Interview With the Vampire, ★★★½
AMC+, Sundays from October 2

It’s taken 231 years, but vampire Louis de Pointe du Lac has finally come out of the closet as well as the coffin.

Yes, queer theorists everywhere, Louis really is gay. Yes, he and the vampire Lestat were lovers. Yes, they became possibly the world’s first same-sex parents when they “adopted” the orphaned Claudia.

Happy family: Bailey Bass as Claudia, Jacob Anderson as Louis De Point Du Lac and Sam Reid as Lestat De Lioncourt.Credit:Pari Dukovic/AMC

The thinly veiled homoeroticism of Anne Rice’s characters has been much discussed since her debut novel was published in 1976, even more so following Neil Jordan’s film adaptation in 1994, with Brad Pitt as Louis and Tom Cruise as Lestat. Now it’s front and centre. But there’s still plenty of subtext to keep the cultural theorists busy.

For a start, this Louis (Jacob Anderson) is now a man of colour, running a brothel and gambling den in 1920s New Orleans; the contrast with the 18th century white slave-owning plantation boss of the original could hardly be starker (there’s a delicious, though incidental, irony in the fact Anderson was best known until now as the eunuch Grey Worm in Game of Thrones).
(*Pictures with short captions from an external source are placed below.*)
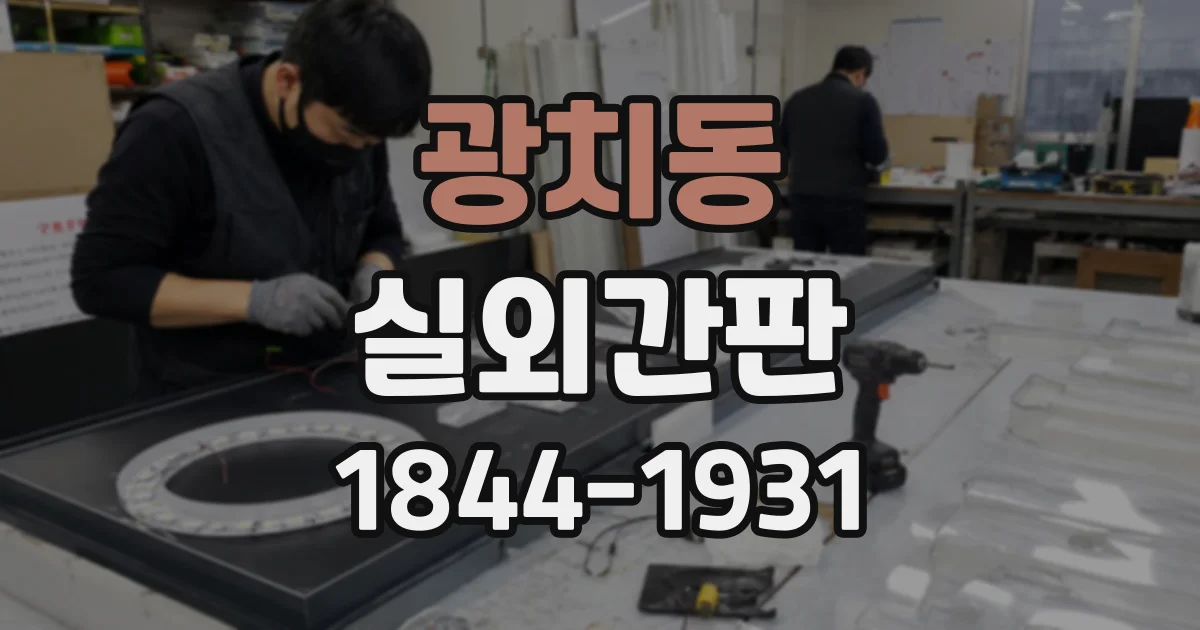 광치동 실외간판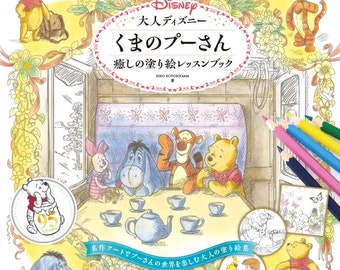 Disney's Winnie the Pooh Coloring Lesson Book - Japanese Coloring Book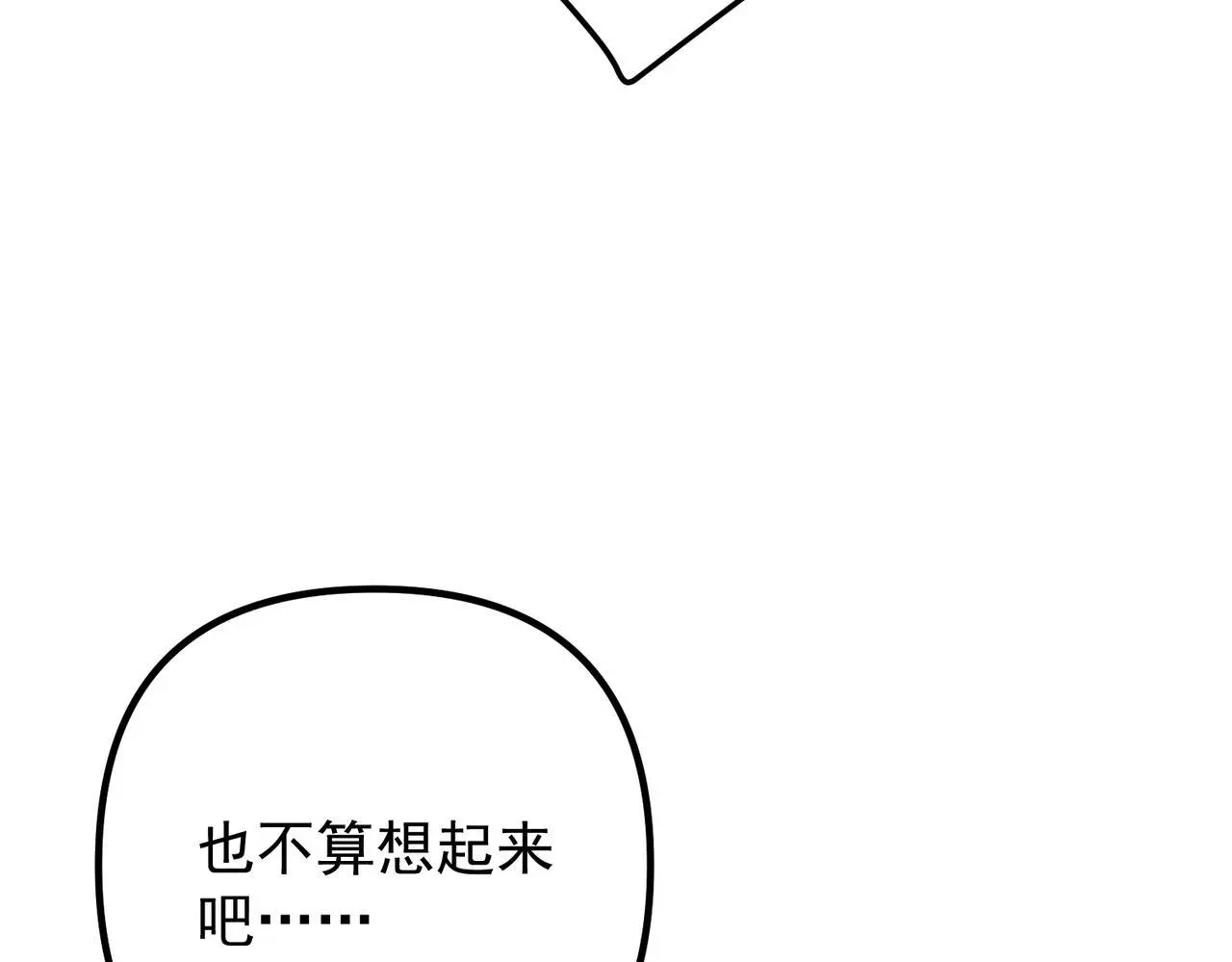 第42话 去救他，别管我158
Lestat (Australian Sam Reid, The Newsreader, Lambs of God) is a dandy straight out of the pages of Oscar Wilde. He’s a piano-playing aesthete willing to murder a man for hitting a bum note. He finds Louis at a low point – following the death of his brother, as per Rice’s book, rather than the loss of his wife, as per the movie – and seduces him with the weasel words of icy ocean swimmers everywhere: it’s nice once you’re in.

Eric Bogosian as Daniel Molloy, the vampire’s interviewer. Credit:Alfonso Bresciani/AMC

“Be my companion. Be all the beautiful things you are, and be them without apology for all eternity,” Lestat urges, and Louis accepts and thereby takes his first step to ruination.

“He was my murderer, my mentor, my lover and my maker,” the vampire tells his interviewer, journalist Daniel Molloy (Eric Bogosian).

Shot through with an almost unbearable sense of ennui, this Interview is in constant conversation with itself, or at least with the other versions of itself. The interviewer is the same man to whom Louis spilled his beans before (in 1973, we are told here, which tallies more or less with the book’s timeline, but not the movie’s). But this version of events differs from the earlier one, Molloy notes, calling Louis’ revisionist storytelling an “odyssey of recollection”.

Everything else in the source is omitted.